I’m going to play culinary Penn & Teller now. If you don’t want to know how he does it, or don’t want to have something spoiled for you, stop reading. It’s not complicated. Figuring out how it works was the brilliance of the dish, and its simplicity cannot be under appreciated.
So here it is, there are two main science issues at work in this creation. First is the shell. What you are simply dealing with is the same candy combination they use in the creation of brittle or sugar-glass props in movies and TV. You are controlling the destruction and breakdown of sugar to create crystallized panes. The sugar when cooled becomes hard and glass like.
When you do this, be sure to monitor the temperature. You want it at the soft crack stage at about 270F degrees. Also make sure you add the corn syrup. This is important because it prevents the sugar from crystallizing too soon and causing it to harden too quickly.

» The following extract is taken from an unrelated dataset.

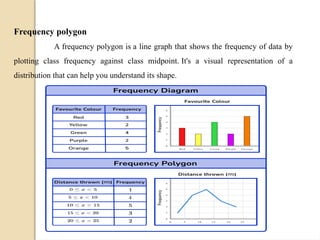 DIAGRAMATIC& GRAPHICAL REPRESENTATION OF DATA BY MONISHA 6.pptx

The second piece of science in the project was stumbled on by accident. When I first imagined what I would do with the basic technique, I imagined I would create bonbons with other contents. But what I did not realize at first was the importance that the contents be oil.
When we began, I grabbed the nearest liquid available once I got the sugar to the right temperature. It was a diet root beer. I wasn’t going for presentation or flavor, I was simply grabbing for a liquid to test my theory on. What I found was the water broke down the capsules even when I had them perfect. The water in the soda was dissolving the sugar.
It clicked immediately that the oil was important because sugar does not dissolve as readily in oil (a fat) as it does water. Once we tried to strictly re-create the olive oil bonbons, the technique was clear and we started to get beautiful results.
We did this test in about 1 hour. Our results are not near as pretty as Minibar’s, but I suspect with some practice I can catch up. I’m experimenting with other flavors and I think I’m slowly driving my wife mad. But alas, she loves me so she’s tolerating my experiments for now.
Olive Oil Bonbons
1’’ Plastic Pipe Joint (Preferably something long so you can hold it in the liquid without burning your fingers)
straw or eye dropper
silicon mat or parchment paper
1 cup sugar
1/4 cup corn syrup
1/2 cup water
Extra Virgin Olive Oil (Something very tasty.)
1. Mix in a small sauce pan or saucier the sugar, water and corn syrup. Heat the mixture to about 260F-265F degrees.
2. Turn down the heat to low/simmer and let the bubbles from boiling dissipate.
3. Place the round in the hot sugar mixture and slowly remove. Allow the excess sugar mixture to drip off. There should be a membrane like when you were a kid blowing soap bubbles. Hold over the silicon mat. Using a straw or eye dropper, drop about a half teaspoon of olive oil on the membrane.
4. The olive oil should drop through the membrane. Allow to rest and harden before moving. (5-10 min). It will take some practice but eventually you’ll get them. Serve as an amuse bouche or as a demonstration of your culinary superiority or simply enjoy!